Cerita Dewasa Kisah Nyata Hangatnya Tubuh Tanteku Sinta
Siskaee
2:04 PM
Kisah ini merupakan kisah nyata yang di alamin oleh salah satu pembaca cerita dewasa , nama , tempat itu semua sudah di samarkan.Oleh karena itu cerita sex kali ini sangat mengunggah gairah kita untuk mencoba nya. Ingin tau lebih lanjut silahkan di simak saja Cerita Dewasa Kisah Nyata Hangatnya Tubuh Tanteku . Berikut cerita 17+ nya :
Cerita Dewasa Kisah Nyata Hangatnya Tubuh Tanteku Sinta
Namaku Agus . Aku sekarang udah punya istri dan punya dua anak. Terus terang, ketika pertama membuka situs ini, geli rasanya hati ini. Pertama kali aku sempat heran, kenapa kok banyak orang yang rela membuka-buka “aib” sendiri dihadapan public seperti di situs ini. Tetapi keherananku seperti terjawab dengan sendirinya. Peduli amat ahh, pikirku waktu itu. Dan, lama-kelamaan akhirnya muncul juga keinginan untuk turut bagi-bagi pengalaman tentang dunia seks yang ternyata cukup luas, unik, menarik, seronok, dan bahkan sering menjijikkan.
Pertamakali aku mengenal seks adalah saat aku duduk di kelas dua smp. Waktu itu aku tinggal bersama paman di kota Jbr, sedangkan keluargaku tinggal di kota Bwi. Beda dengan saat tinggal bersama keluargaku, di rumah paman ini aku relative bebas bergerak sesukaku, apalagi pamanku yang anggota TNI sering tidak berada dirumah sementara istrinya, Tante Sinta, tidak berani melarangku.
Salah satu hobi beratku waktu itu adalah melototin TV sampai larut malam. Hingga suatu saat, ada sebuah film menarik yang sedang aku tonton, yang ternyata juga sempat membuat Tante Sinta betah menontonnya hingga larut malam. Saat itu aku hanya berdua dengan Tante Sinta. Maka ketika sesekali Tante Sinta berkomentar, aku langsung menyahut sekenanya. Sampai suatu saat ada adegan yang agak porno dan panas, tiba-tiba Tante Sinta nyeletuk: “Heh, yang ini kamu gak boleh lihat, masih kecil!” katanya sambil matanya tetap melotot ke layar TV.
Tanpa pikir panjang dan tanpa sadar bahwa Tante Sinta adalah istri pamanku sendiri, waktu itu aku menyahut dengan nada agak nakal. “Udah di sunat kok Tante, tinggal nyoba pakeknya yang belum,”. Kataku.. Baca selengkapnya...!!!

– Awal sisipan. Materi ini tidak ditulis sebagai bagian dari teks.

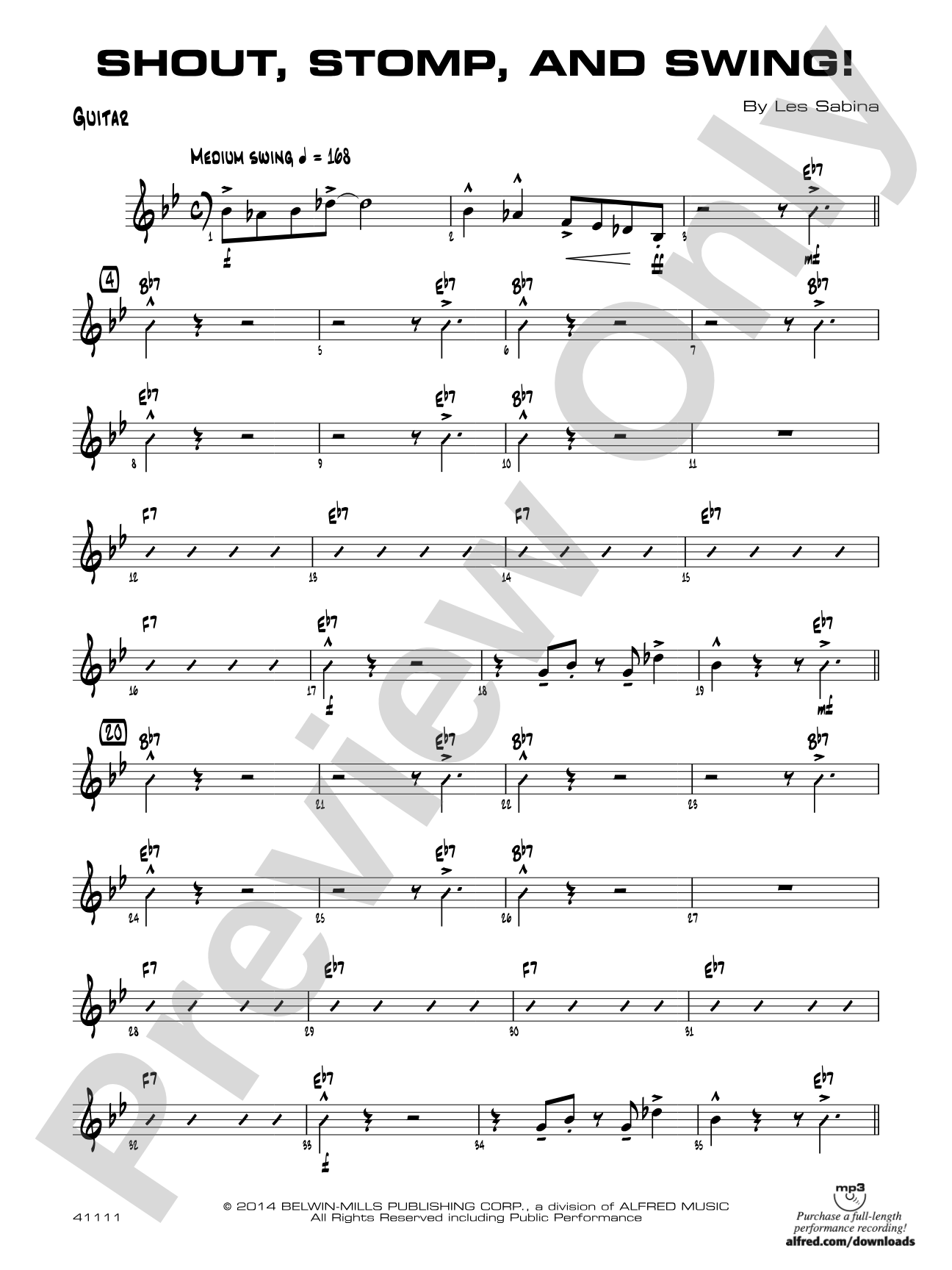 Shout, Stomp, and Swing!: Guitar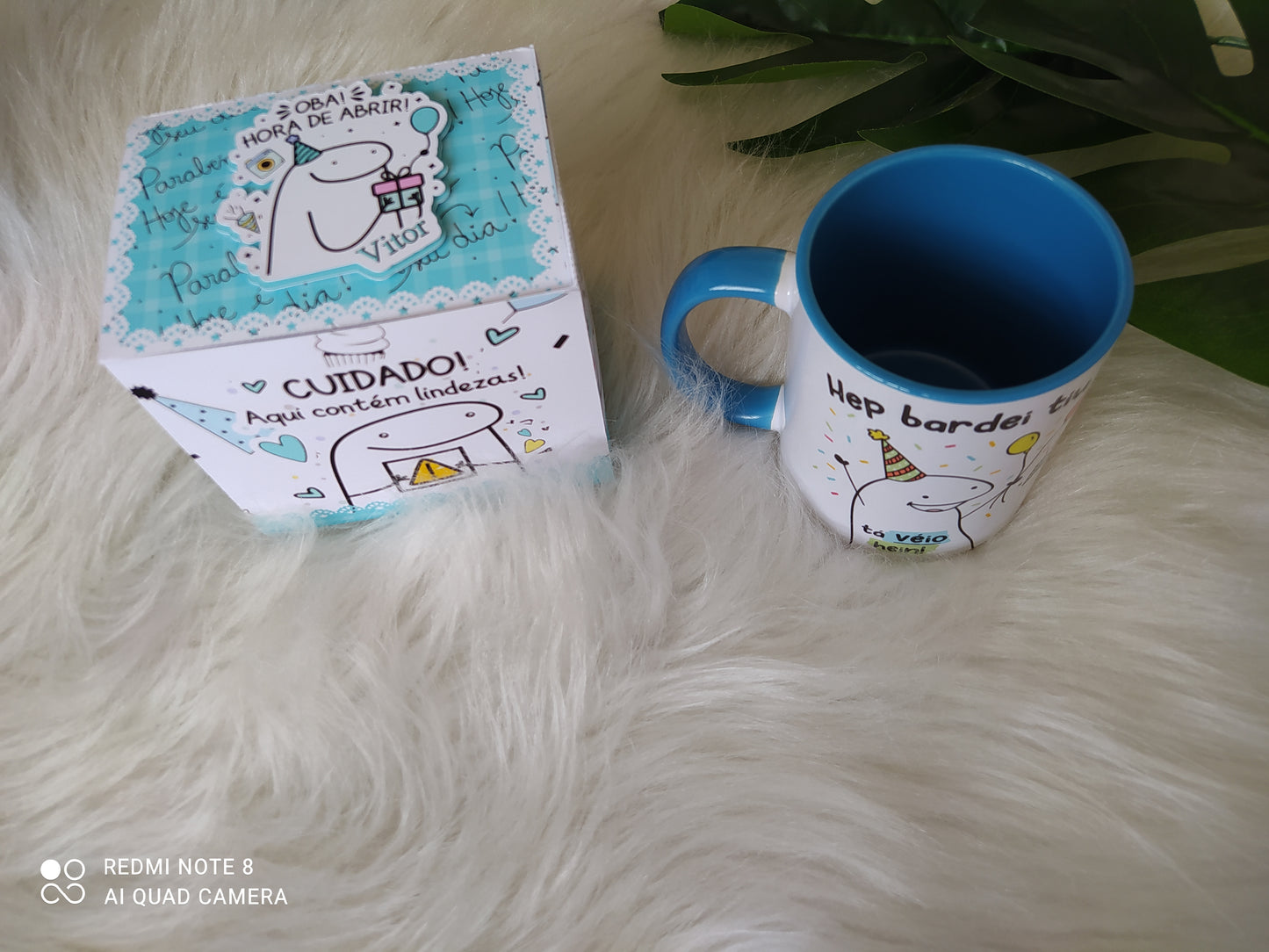 Caneca Personalizada  Flork Kit Caneca+ Caixa Com Chocolates Personalizados |Aniversário, Namoro e Outros!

Salah satu hobi beratku waktu itu adalah melototin TV sampai larut malam. Hingga suatu saat, ada sebuah film menarik yang sedang aku tonton, yang ternyata juga sempat membuat Tante Sinta betah menontonnya hingga larut malam. Saat itu aku hanya berdua dengan Tante Sinta. Maka ketika sesekali Tante Sinta berkomentar, aku langsung menyahut sekenanya. Sampai suatu saat ada adegan yang agak porno dan panas, tiba-tiba Tante Sinta nyeletuk: “Heh, yang ini kamu gak boleh lihat, masih kecil!” katanya sambil matanya tetap melotot ke layar TV.
Tanpa pikir panjang dan tanpa sadar bahwa Tante Sinta adalah istri pamanku sendiri, waktu itu aku menyahut dengan nada agak nakal. “Udah di sunat kok Tante, tinggal nyoba pakeknya yang belum,”. Kataku.. Baca selengkapnya...!!!